Mi madre vino a felicitarme. La evité. Salí corriendo de la iglesia
hacia el parque desesperado por una paleta. No había.
Al final, ante el movimiento de aspa de la lengua seca terminó por
volatilizarse la oblea a nutrir mi sangre y mi espíritu. No sentí
nada raro.
No podía tener a todo un Dios en mi cuerpo. Tendré paciencia. Debe
ser asunto de la digestión.
Al llegar a la casa ya estaban los invitados. Jorge Giraldo bailaba
con la tía Adelfa, Emilio con Ismela, don Sixto con misiá Justa, la
mamá de Hernán Peláez y del Negro,
quienes asomaban sus cabezas por la tapia del vecindario;
el doctor Rosales conversaba con Hernán Isaías Ibarra, mi prima
Martha Nelly me daba un beso en un ojo, Fabián me hacía entrega de
sus patines que siempre le había envidiado;
mi papá había salido a traer más vino, mi mamá se encargaba del
tocadiscos, mi abuela repartía la lechona.
Para calmar el tormento de la resequedad me tomé una copa de vino
que vi mal puesta.
Todo el mundo me decía que estaba muy elegante con ese vestido. Tiré
lejos la cinta y quebré la vela.
Llegó papá con más vino y tomé más vino.
La tía Adelfa me pidió que recitara El duelo del mayoral.
Mi hermana Stella me sacó a bailar sin saber.
Graciela gateaba por entre los bailarines.
Toño encaramado en la mesa de sastrería miraba el desarrollo de la
fiesta con sus ojos de vaca.
Jorge salió hasta la tienda a ver con quien peleaba.
A mi abuela se le cayó media lechona en mitad de la sala. Me tomé
otro vinito.
Jorge entra de la tienda con un dedo cortado en busca de su machete.
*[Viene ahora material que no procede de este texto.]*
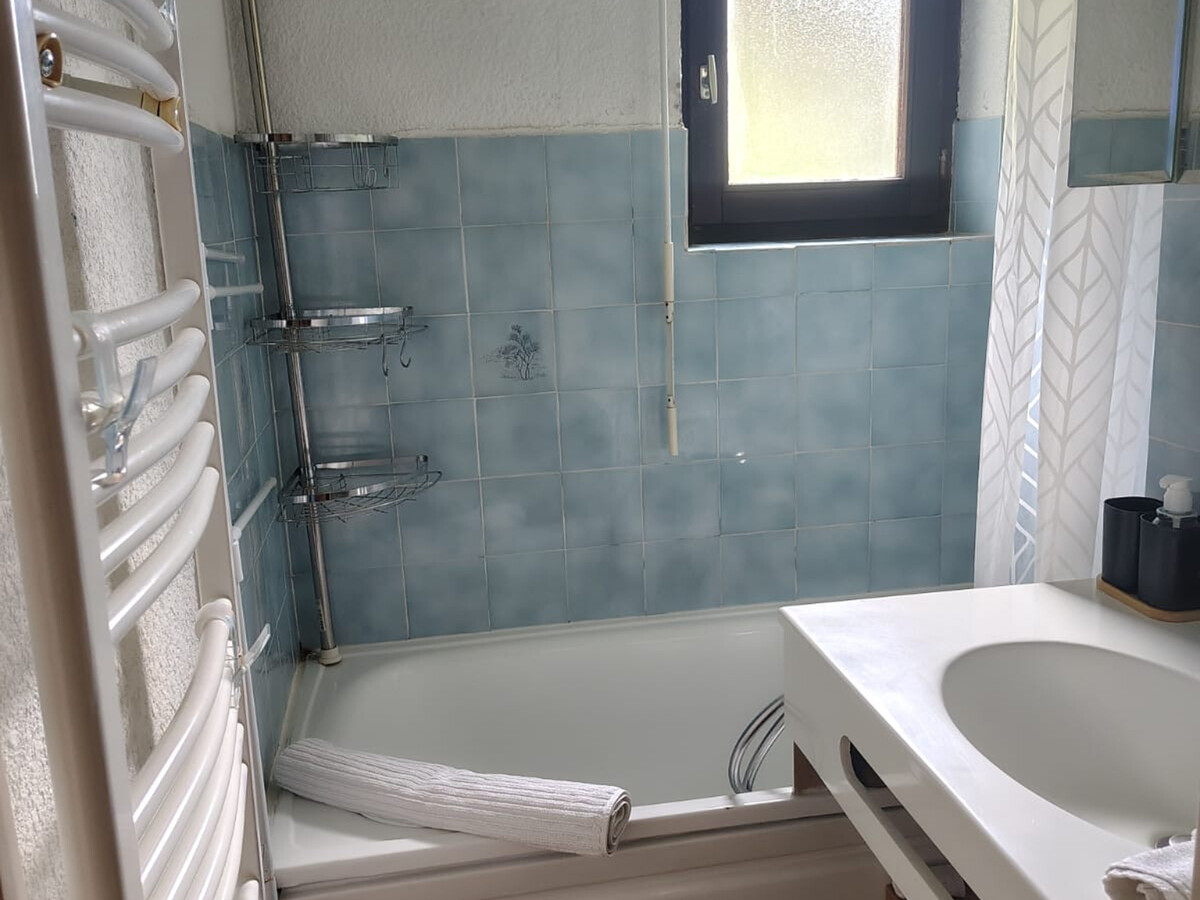 Appart 2 pièces 4 pers, terrasse, parking à Châtel - Photo 7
Alguien le paró el macho. La tercera falange le cuelga de un pingajo
de piel. La tía Adelfa le dice que vayan primero al hospital de San
Juan de Dios a ver si lo cosen.
Tomad y bebed que ésta es mi sangre, recuerdo haberle oído al cura
imitando a Cristo y me consagro al vino.
El cielo del sueño comienza a dar vueltas en lo que parece ser mi
cerebro, el castigo divino se ensaña entre mi cabeza, siento
arcadas,
y pronto sobre las baldosas del patio comienza a precipitarse el
relleno envinado y maloliente de la lechona que me ha dispensado la
abuela,
entre cuya masa alcanzo a distinguir esquirlas de hostia, antes de
quedarme dormido, completamente ebrio, sobre la playa.